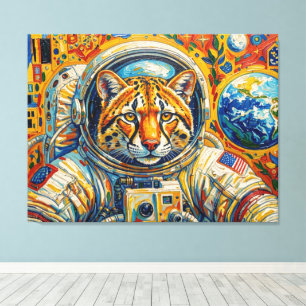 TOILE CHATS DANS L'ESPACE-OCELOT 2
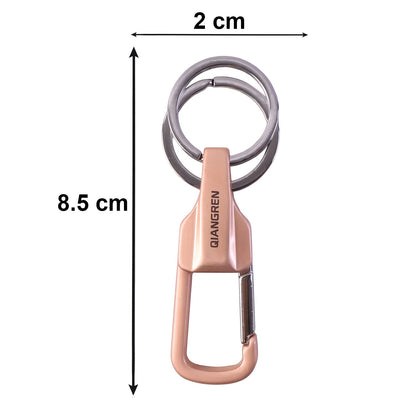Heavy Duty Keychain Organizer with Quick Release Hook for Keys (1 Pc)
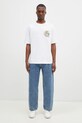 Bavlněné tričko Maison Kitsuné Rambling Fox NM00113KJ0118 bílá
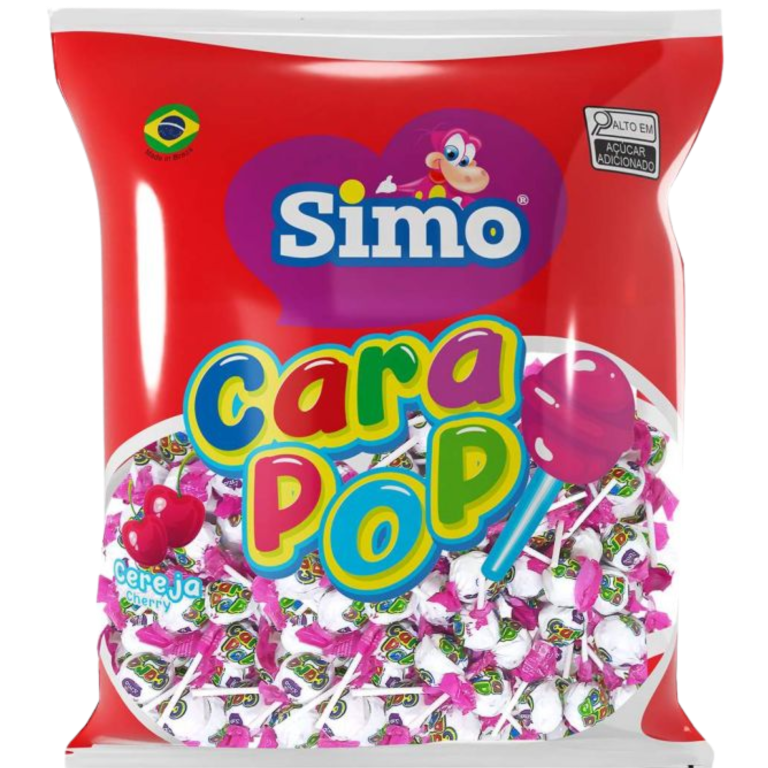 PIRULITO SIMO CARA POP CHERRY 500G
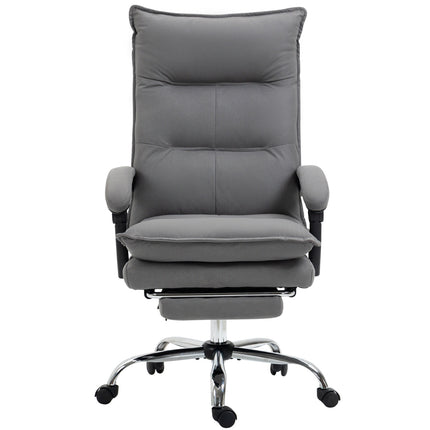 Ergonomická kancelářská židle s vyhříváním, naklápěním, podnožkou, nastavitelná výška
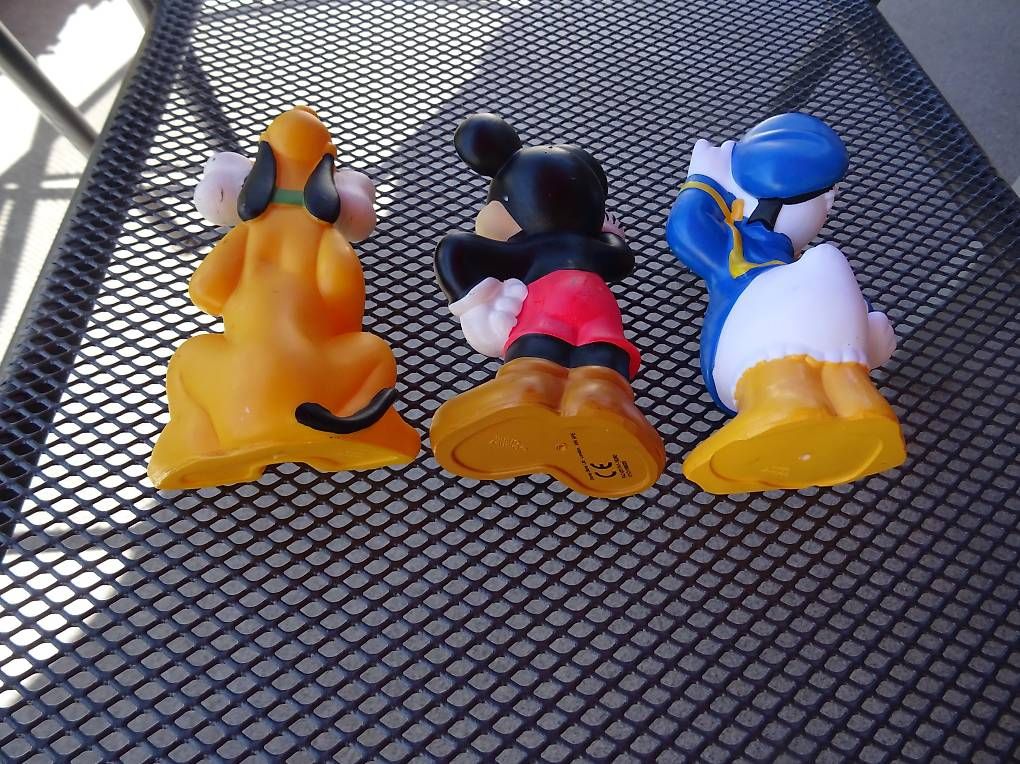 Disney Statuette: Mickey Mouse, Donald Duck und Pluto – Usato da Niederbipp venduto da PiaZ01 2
# # #
→ **Problem details**: Omitting the pictures, repeat all entries exactly.

→ **Exercise response**:
 TOILE CHATS DANS L'ESPACE-OCELOT 2
Heavy Duty Keychain Organizer with Quick Release Hook for Keys (1 Pc)
 Bavlněné tričko Maison Kitsuné Rambling Fox NM00113KJ0118 bílá
 PIRULITO SIMO CARA POP CHERRY 500G
 Ergonomická kancelářská židle s vyhříváním, naklápěním, podnožkou, nastavitelná výška
 Disney Statuette: Mickey Mouse, Donald Duck und Pluto – Usato da Niederbipp venduto da PiaZ01 2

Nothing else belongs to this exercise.